One of the thing sI like most is when a data visualization tool encourages play, the more intuitively, the better!If all the world’s a stage, with our parts, entrances, and exits, should “digital humanities” not, by the very nature of its name, promote digital methods to which we see the complicated storylines, character arcs, and acting methods? I believe the best ones do. There are, however, static aspects of a theatrical play, such as the tableau, a still frome easily photographed, pleasing visually and telling of the story in some cases. The Tableau software we worked with this week accomplished just that, but for data sets. And, while I believe Tableau does well enough at accomplishing its purpose (a still visualization of a complex, real life system), we should not get bogged down too much in analyzing it. If we do, we run the risk of losing sight of the intricacies of the human system – or stage, in our metaphor – the nervousness, the adrenaline, the facade, the spectacle, the introspection, the emotion… the part that makes it as much a living, human thing as anything else. The part “the humanities” clings to, quite desperately.
Now, I don’t mean for this to be a heavy critique of Tableau by griping about what it doesn’t do. I would rather engage with it on its own terms. It is moreso the attitude around digital humanities critique that I would like to, well, critique. To start our show, though, let’s just walk through Tableau.
My experience with Tableau was not remarkable compared to other data analysis methods I have used in the past. I am impressed with the ease of operations in tableau and the ability to switch between different modes of visualizations, such as polygon map, point map, and basic chart. I also was impressed with the options for topographic map layers supplied by Tableau – I used one above, called “Percentage of Population, Black/African American.” This was an interesting map layer to put under my layer of pin drops showing the frequency of “negro ballads” recorded by John and Ruby Terrill Lomax on their 1939 Southern Field Recording Trip. Notably, it is particularly helpful that in the search for “negro ballads,” the Lomaxes left out a state with a considerably-sized black population. The only issue for these topographic layers supplied by Tableau, though, is that they don’t provide the source or the specific numbers – so it is difficult to say exactly what the statistic is or from what year it was taken. Since Georgia had a sizeable black population in 1939, I still find it a helpful visualization for my purposes, but also would need to be more heavily researched.
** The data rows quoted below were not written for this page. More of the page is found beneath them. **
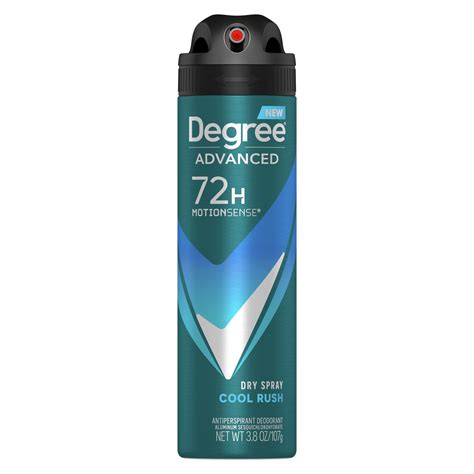 Degree Deodorants Cool Rush Men Advanced 72h Antiperspirant Deodorant Dry Spray logo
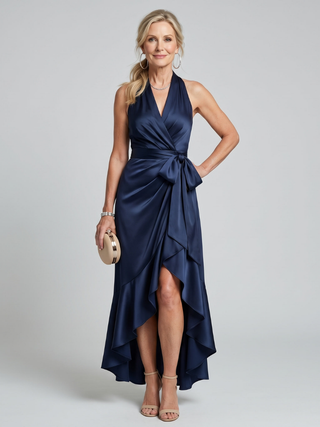 Della | Robe Midi à Encolure Halter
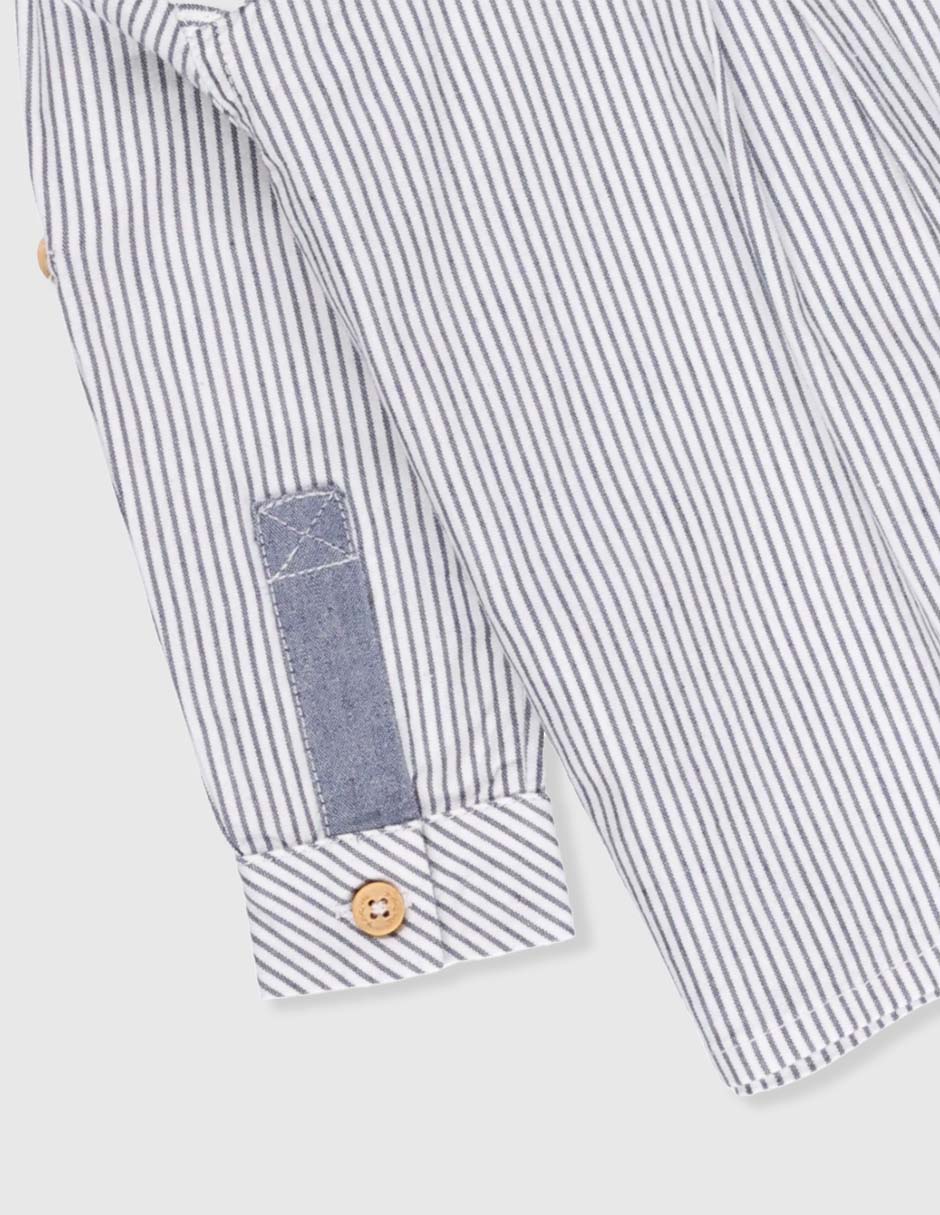 Camisa casual de algodón manga larga para bebé niño 4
The Tableau maps and charts, while fairly quick to make and easy to modify, are not interactive. While the goal of Tableau is not to make interactive maps and visualizations, I will not fault them for this. That would be unfair. I will, however, note that there are other mapping platforms that perform similar functions and let the user (not just the creator) play with map layers, pin-drop pop ups, and topographical layers, such as ArcGIS, CartoDB, and Omeka. While they are less intuitive than Tableau in the map-making process, Tableau is great for creating maps and intentionally thinking about the data in charts, as opposed to batch uploads which magically produce drops on a map.
I hope that in my comparison of these mapping tools I have emphasized a form of writing most scholars are unnused to – compare and contrast, with no objective “best” form of software that does everything. There is no software that does everything – so based on your needs, different software will be best for you. That doesn’t mean that something else isn’t extremely useful to someone else. That being said, there are some forms of digital tool critique that I find quite helpful and illuminating. The first is accessibility and readability.
Especially when concerned with data visualization, we have to keep our reader’s visual literacy in mind. Nessa’s “Visual Literacy in an age of data” offers a nice critique of the ways in which increasingly complicated ways of depicting data actually create more distance between the researcher and the audience and makes you lose readers by making your work visually inaccessible. Practical solutions included opting for bar graphs instead of pie charts; clean, simple text that explains even complex arguments with as much layman’s terminology as possible; and omitting arbitrary visualizations.
We also have to be careful about the way we frame the possibilities and practicalities of digital tools. Physics arXiv Blog’s article “When a Machine Learning Algorithm Studied Fine Art Paintings, It Saw Things Art Historians Had Never Noticed,” makes it sound like the AI potential in their software is capable of things that human art historians were unable to do – this is untrue. They were able to make one connection in particular between two unrelated artworks that hadn’t been made before (presumably whoever noticed this has read all of the literature possible on these artworks and therefore can confidently say that connection had not been previously made). The title of the post is misleading, as even in the article they say that the AI in no way could replace a real, human art historian. The flashy headline to catch readers’ attention to a DH project ended up negatively affecting the overall tone of the article and came across as very off-putting to every art historian I’ve talked about it with.